Back when Liars were a quartet they closed their first record with This Dust Makes That Mud, a thick dirge longer than the album’s preceding eight songs. The song and the band were labeled weird; it wasn’t the danceable art punk people wanted Liars to do.

Freeze. New scenario: singer Angus Andrew and guitarist Aaron Hemphill trade their rhythm section for drummer Julian Gross. Andrew leaves his Brooklyn apartment for a house steeped in the woods of New Jersey. Liars record ‘They Were Wrong, So We Drowned’, a thematic collection of songs about witchcraft, over two months, isolated in those very woods. The result is a brainfucking mess of tribal drums, hordes of loops, effects and interference and Andrew’s distinctive foaming voice. It both surpasses all of their previous output and is the marker for their new direction. Liars are dead. Liars are reborn.

Broken Witch opens with errant robotic breaths and bloops before Hemphill introduces a spindly guitar and Gross bangs out a motorik rhythm. When the studio experimentation mangles and spits out a new drumbeat, the trio get really nasty. There are several spectres in the detail; behind the drums hover guitars and electronics treated so as to resemble cries of death. Andrew ends the song repeating the word "blood." It appears the band is both hungry for it and spilling it at the same time. There’s Always Room On The Broom may have a disco drum line but Hemphill’s overcharged muddy guitar drills over Andrew’s upper register.
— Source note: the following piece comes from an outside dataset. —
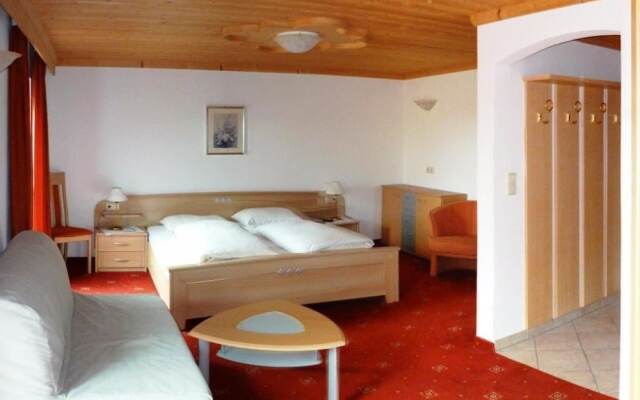 Отель Gasthof Zum Grünen Baum Италия, Лана - отзывы, цены и фото номеров - забронировать отель Gasthof Zum Grünen Baum онлайн комната для гостей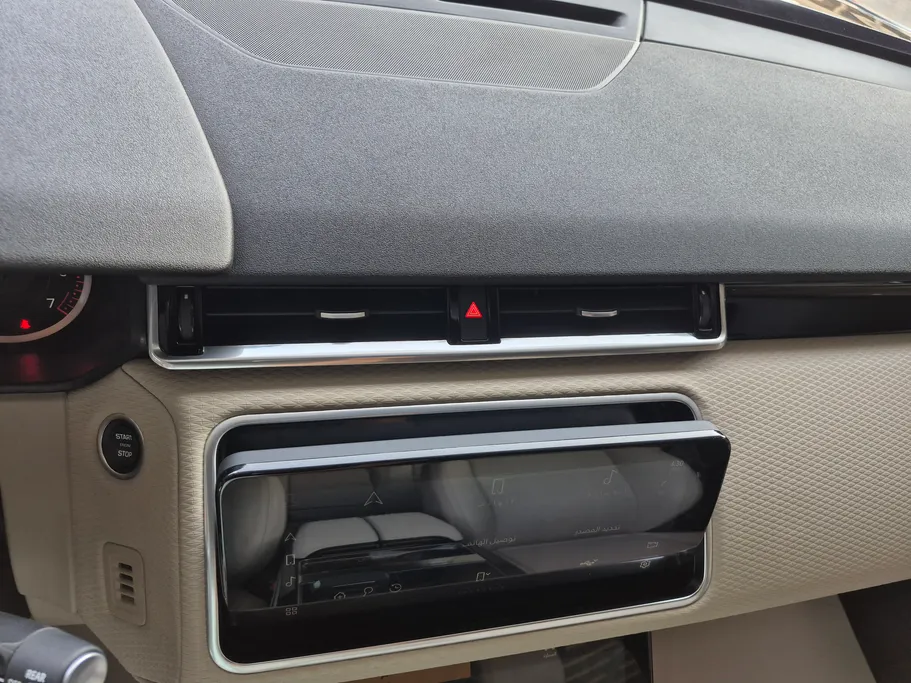 لاند روفر رنج روفر Velar R dynamic 2023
The centrepiece is the skeletal We Fenced Our Houses With The Bones Of Our Own. Gross’ mechanised drums cough and splutter as Hemphill and Andrew build static-drenched voodoo and a mesmeric vocal.

Just as Matmos have gone folkloric with their electronics, Liars have deconstructed themselves and re-emerged as a supernatural soul noise band. They Don’t Want Your Corn They Want Your Kids employs a sort of spaced-out funk with swooping demons hiding in Andrew’s "Mama, I’m selling my blood." Read The Book That Wrote Itself is a storm pissing on a ritual. Swirls of thunderous noise bruise a simple circular drum pattern and random hiss and crackle. Two more songs of rabid shamanistic deconstruction make way for the closing Flow My Tears The Spider Said, a nursery rhyme that ends with the sound of birds and a dense overhanging dread.

‘They Were Wrong, So We Drowned’ sounds just like it was recorded in a secluded house buried in the forest. Liars have become one with their overgrown moonlit surroundings and developed some suitably macabre textures and structures, both musical and production-wise. This is a boldly unrepentant work that captures a band at a most exciting point in their musical evolution.